## ACTIVITY
Retype exactly the lines from the line with "Intel Core i7" to the end of the data, keeping both boundary lines.

(Scraped caption text data)
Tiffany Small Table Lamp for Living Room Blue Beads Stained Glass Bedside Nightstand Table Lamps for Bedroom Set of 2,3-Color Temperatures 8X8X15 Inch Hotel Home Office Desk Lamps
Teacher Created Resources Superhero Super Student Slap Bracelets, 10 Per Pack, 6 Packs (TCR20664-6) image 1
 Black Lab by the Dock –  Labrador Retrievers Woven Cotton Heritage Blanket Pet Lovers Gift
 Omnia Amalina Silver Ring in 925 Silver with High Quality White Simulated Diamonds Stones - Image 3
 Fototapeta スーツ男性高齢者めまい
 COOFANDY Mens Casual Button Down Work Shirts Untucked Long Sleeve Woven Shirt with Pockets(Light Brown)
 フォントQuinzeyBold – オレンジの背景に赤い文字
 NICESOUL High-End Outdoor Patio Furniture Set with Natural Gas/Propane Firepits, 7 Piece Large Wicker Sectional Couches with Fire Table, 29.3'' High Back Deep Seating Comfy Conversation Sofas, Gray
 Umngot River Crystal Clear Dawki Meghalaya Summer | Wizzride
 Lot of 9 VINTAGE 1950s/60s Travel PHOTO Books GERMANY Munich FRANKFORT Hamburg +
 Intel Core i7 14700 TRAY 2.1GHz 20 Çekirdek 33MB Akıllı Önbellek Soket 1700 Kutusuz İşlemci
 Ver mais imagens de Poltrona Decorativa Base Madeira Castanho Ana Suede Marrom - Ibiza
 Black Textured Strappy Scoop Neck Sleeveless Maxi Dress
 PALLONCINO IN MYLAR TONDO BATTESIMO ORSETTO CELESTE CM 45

## OUTPUT OF THE EXERCISE
 Intel Core i7 14700 TRAY 2.1GHz 20 Çekirdek 33MB Akıllı Önbellek Soket 1700 Kutusuz İşlemci
 Ver mais imagens de Poltrona Decorativa Base Madeira Castanho Ana Suede Marrom - Ibiza
 Black Textured Strappy Scoop Neck Sleeveless Maxi Dress
 PALLONCINO IN MYLAR TONDO BATTESIMO ORSETTO CELESTE CM 45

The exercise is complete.